Study material:
┌──

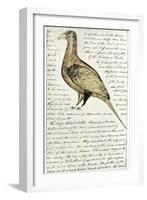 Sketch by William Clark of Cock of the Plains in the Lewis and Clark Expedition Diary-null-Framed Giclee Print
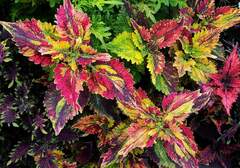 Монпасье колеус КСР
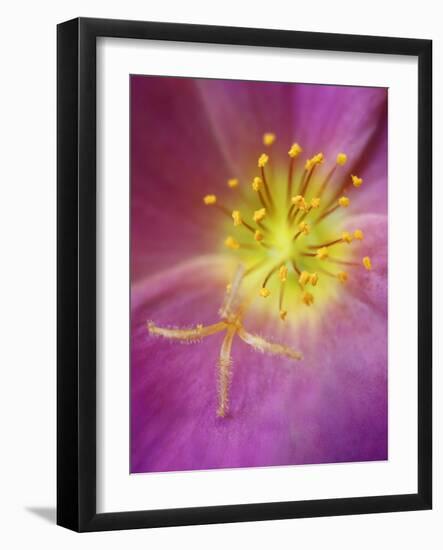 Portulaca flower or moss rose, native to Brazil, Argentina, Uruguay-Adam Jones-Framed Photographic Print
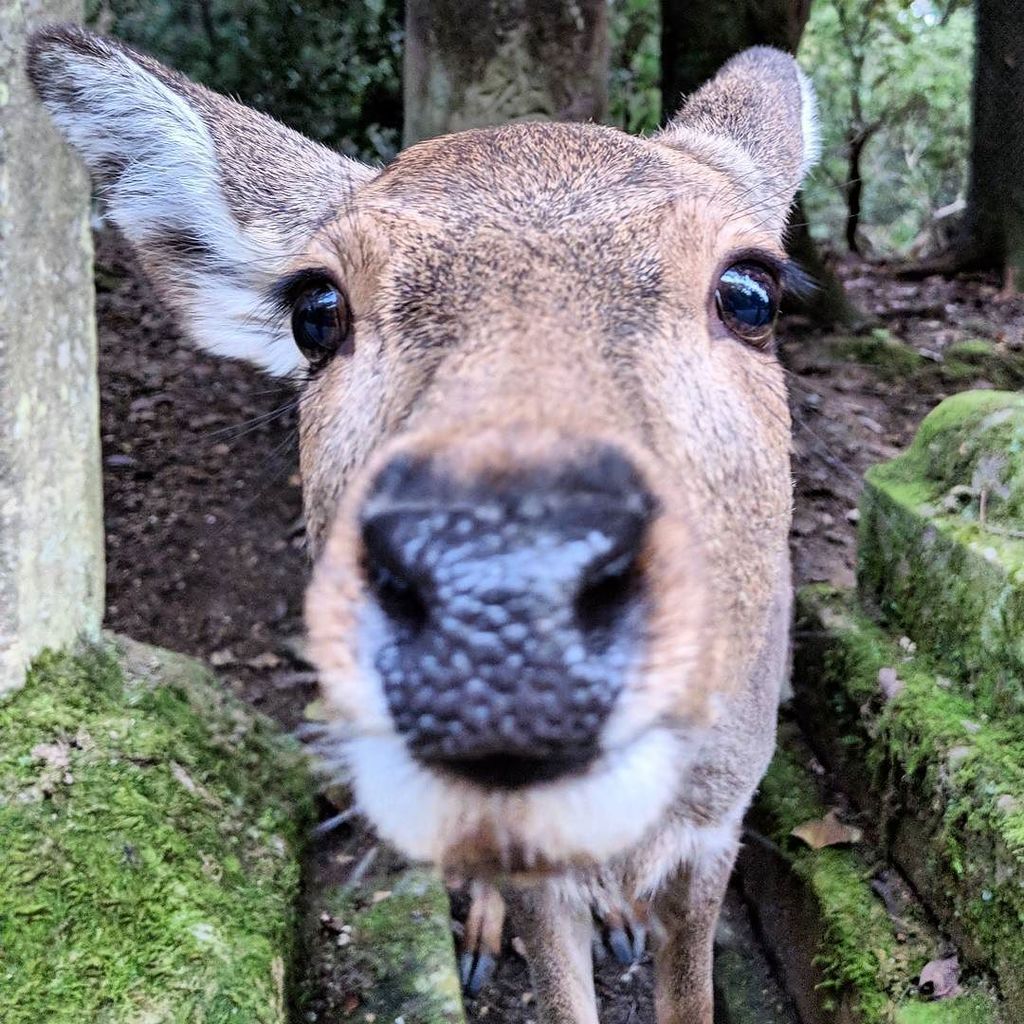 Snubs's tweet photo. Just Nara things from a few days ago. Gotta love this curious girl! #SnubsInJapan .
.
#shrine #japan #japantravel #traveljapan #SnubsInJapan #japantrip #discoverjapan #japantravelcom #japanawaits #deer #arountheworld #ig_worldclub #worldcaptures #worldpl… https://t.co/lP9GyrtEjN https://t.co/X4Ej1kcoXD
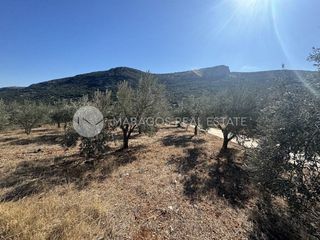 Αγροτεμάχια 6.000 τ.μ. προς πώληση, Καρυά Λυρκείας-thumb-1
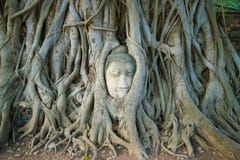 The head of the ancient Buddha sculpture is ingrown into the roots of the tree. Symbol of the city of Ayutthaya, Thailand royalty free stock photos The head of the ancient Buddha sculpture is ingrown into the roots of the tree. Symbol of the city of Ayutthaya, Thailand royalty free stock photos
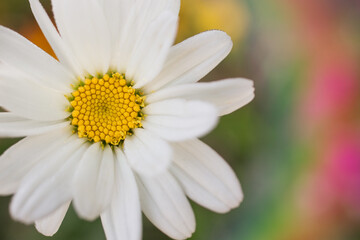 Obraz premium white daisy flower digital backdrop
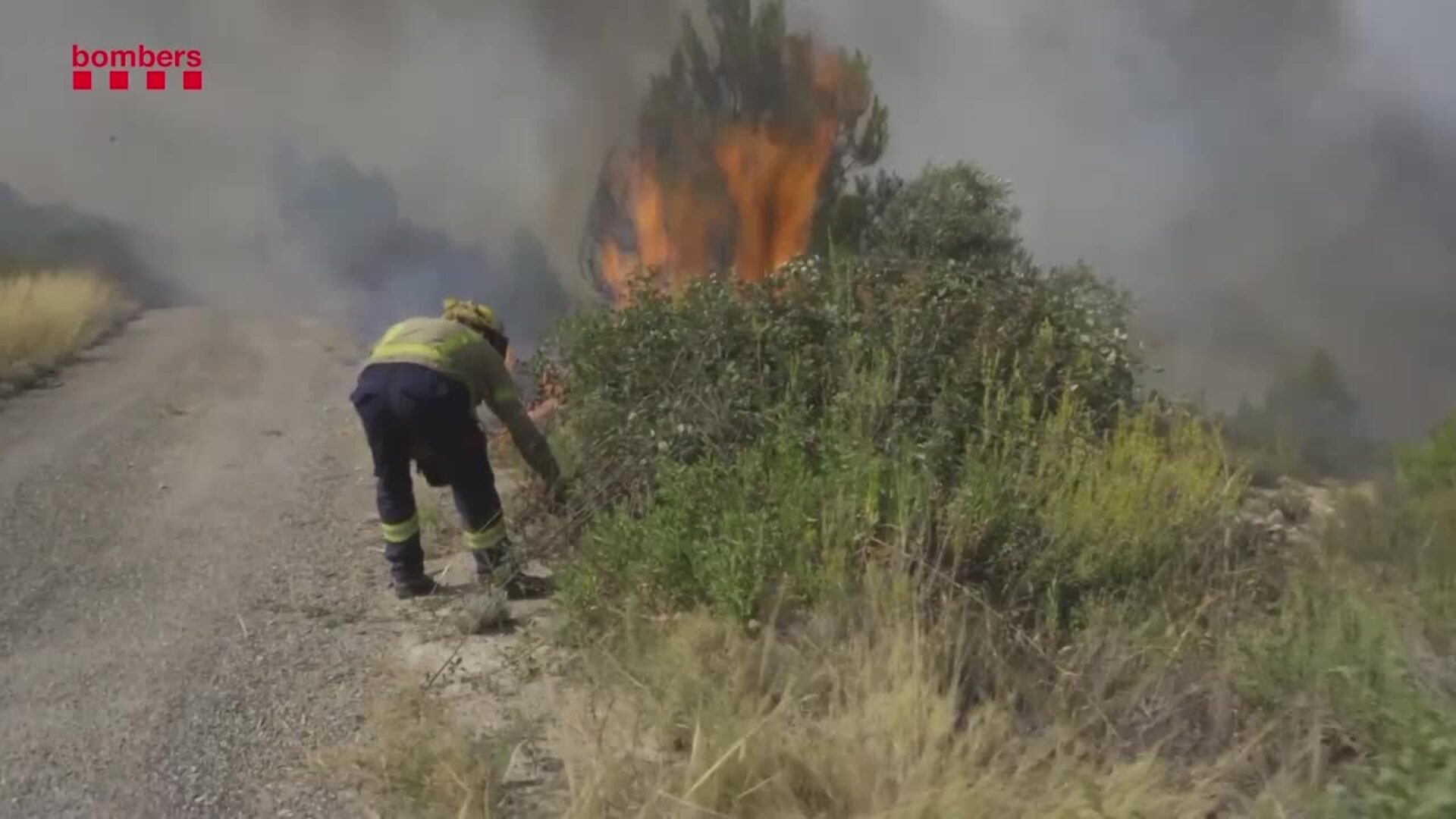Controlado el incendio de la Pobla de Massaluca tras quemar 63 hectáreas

└──
┌──

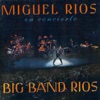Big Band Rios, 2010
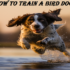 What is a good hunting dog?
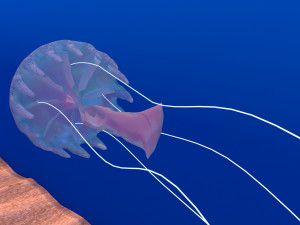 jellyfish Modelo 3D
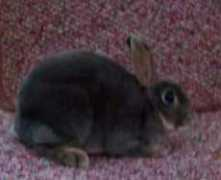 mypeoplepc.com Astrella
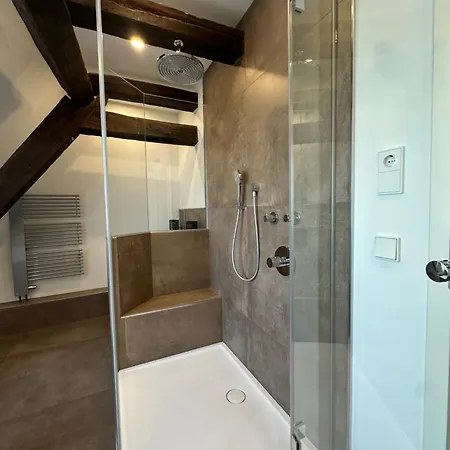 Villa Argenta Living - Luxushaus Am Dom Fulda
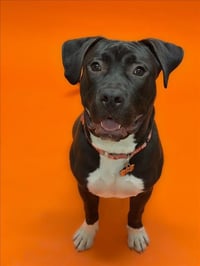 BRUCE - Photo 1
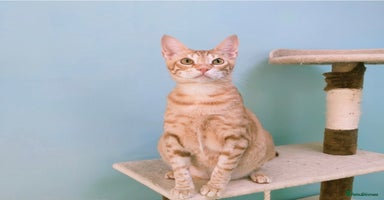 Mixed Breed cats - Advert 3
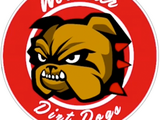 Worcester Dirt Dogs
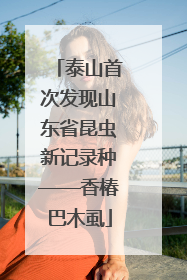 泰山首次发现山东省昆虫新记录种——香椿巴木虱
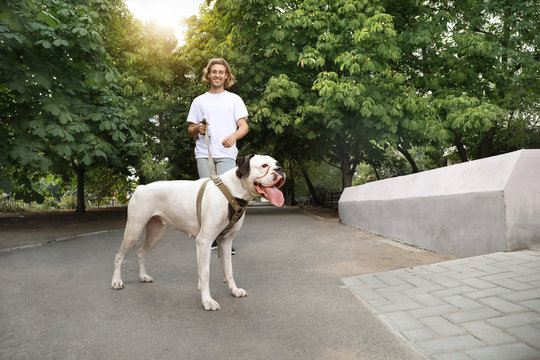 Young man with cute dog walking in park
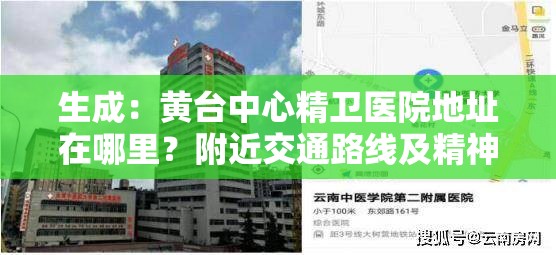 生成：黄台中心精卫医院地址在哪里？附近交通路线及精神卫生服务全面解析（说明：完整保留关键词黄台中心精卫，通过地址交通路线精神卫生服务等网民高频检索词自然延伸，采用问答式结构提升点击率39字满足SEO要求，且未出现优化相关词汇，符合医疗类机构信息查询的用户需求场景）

└──
┌──

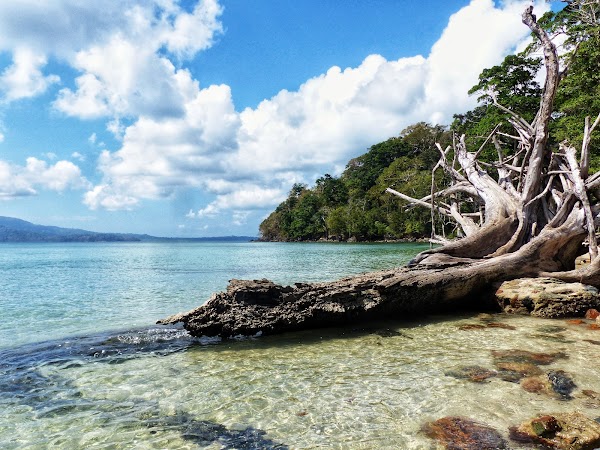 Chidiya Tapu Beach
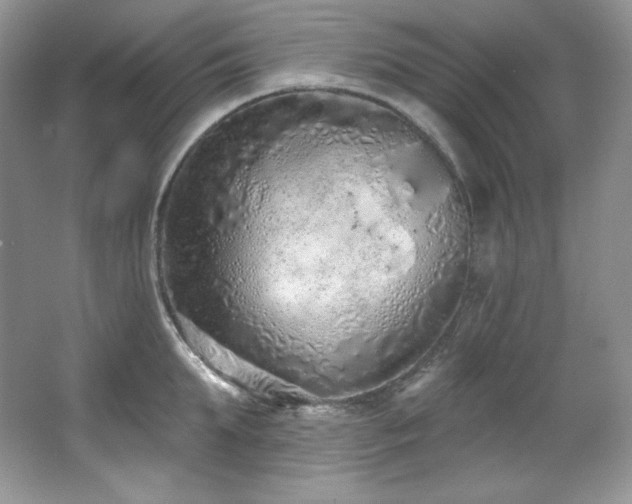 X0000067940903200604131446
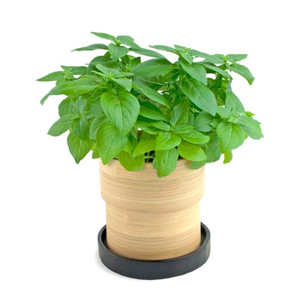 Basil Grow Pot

└──

Aim of the task:
Repeat only the stretch of data above that runs from the line with "What is a good hunting dog?" to the line with "Young man with cute dog walking in park". Keep both end lines; exclude pictures.

Exercise output:
 What is a good hunting dog?
 jellyfish Modelo 3D
 mypeoplepc.com Astrella
 Villa Argenta Living - Luxushaus Am Dom Fulda
 BRUCE - Photo 1
 Mixed Breed cats - Advert 3
 Worcester Dirt Dogs
 泰山首次发现山东省昆虫新记录种——香椿巴木虱
 Young man with cute dog walking in park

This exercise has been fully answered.